Entries shown section start

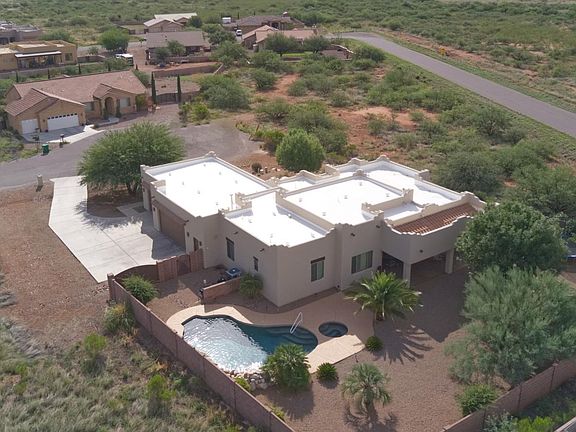 4th image of 5512 E Lantana Dr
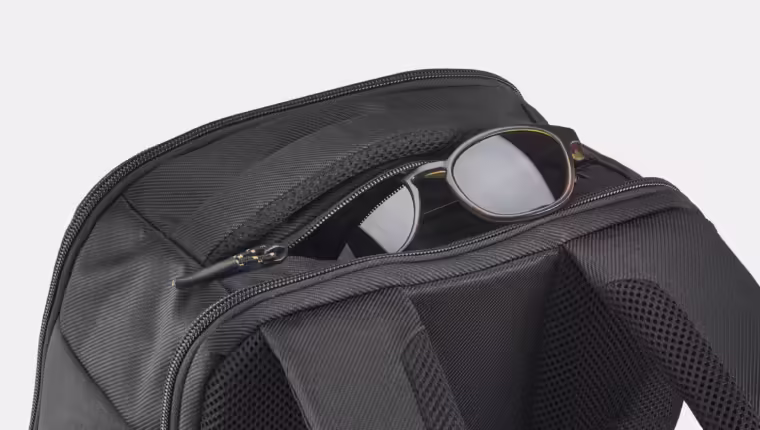 Poche supérieure du Sac à dos Quechua NH Escape 500
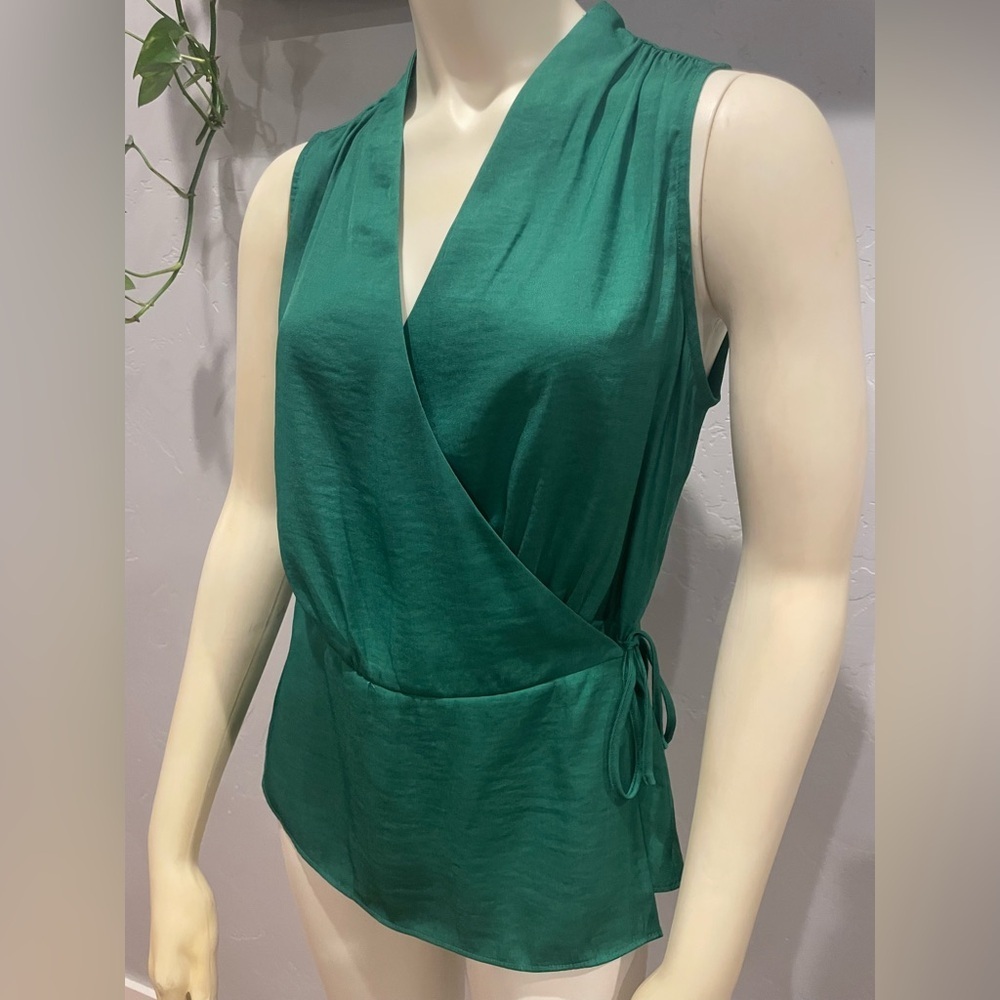 New banana republic emerald Green Wrap Top size S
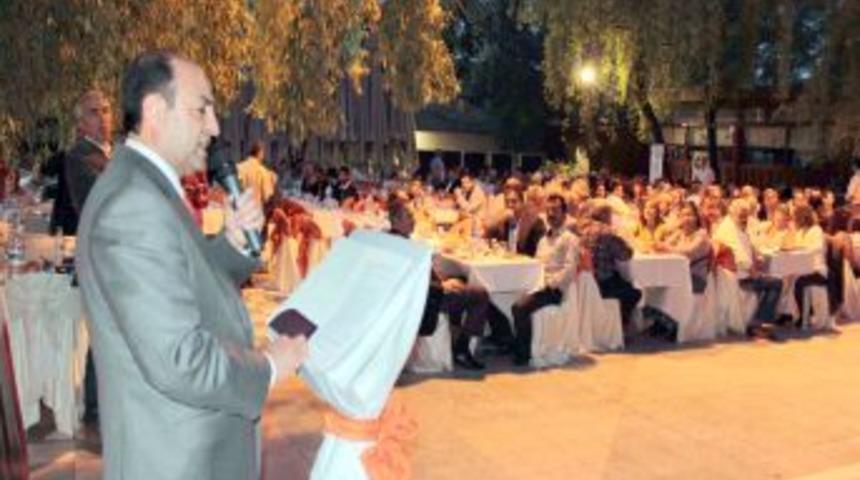 Başkan Adayı &Ouml;zt&uuml;rk, ATO &Uuml;yelerine Yemek Verdi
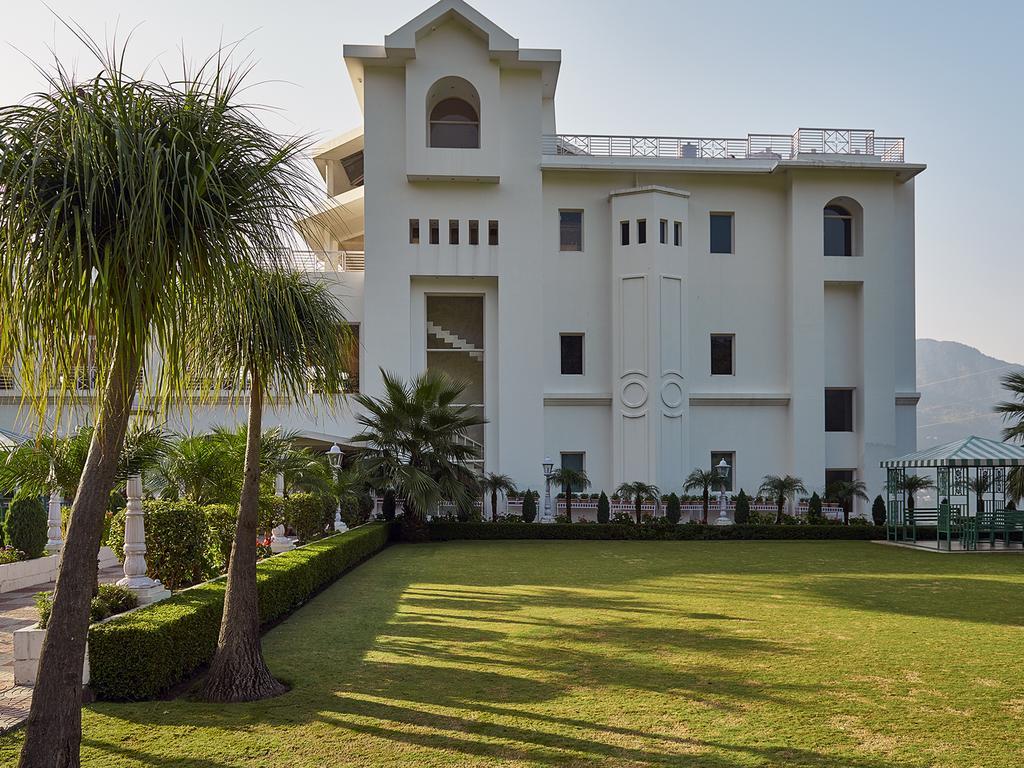 Club Mahindra Kandāghāt Buitenkant foto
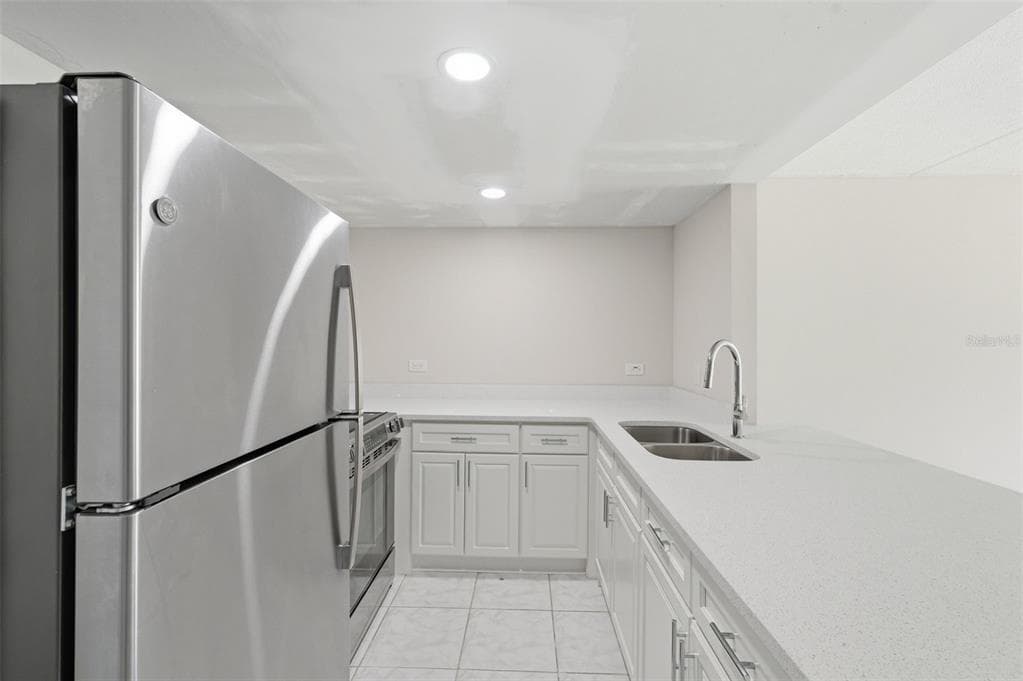 8901 BLIND PASS ROAD # 124, ST PETE BEACH, FL 33706 — zdjęcie 5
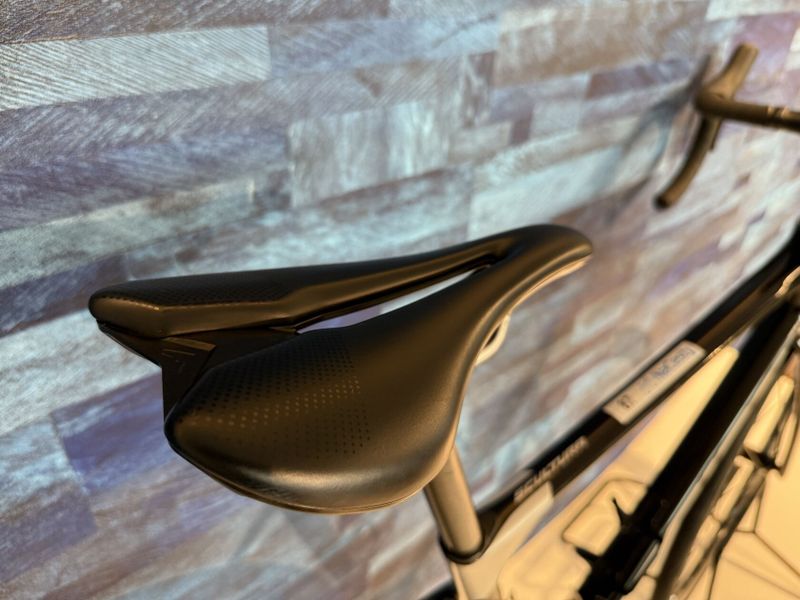 Předběžné objednávky - Merida SCULTURA 6000 carbon disc Di2 el.řazení 2024 - všechny velikosti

Entries shown section end

Work required. For this exercise, transcribe the entries above exactly, without any pictures.

Answer space.
 4th image of 5512 E Lantana Dr
 Poche supérieure du Sac à dos Quechua NH Escape 500
 New banana republic emerald Green Wrap Top size S
 Başkan Adayı &Ouml;zt&uuml;rk, ATO &Uuml;yelerine Yemek Verdi
 Club Mahindra Kandāghāt Buitenkant foto
 8901 BLIND PASS ROAD # 124, ST PETE BEACH, FL 33706 — zdjęcie 5
 Předběžné objednávky - Merida SCULTURA 6000 carbon disc Di2 el.řazení 2024 - všechny velikosti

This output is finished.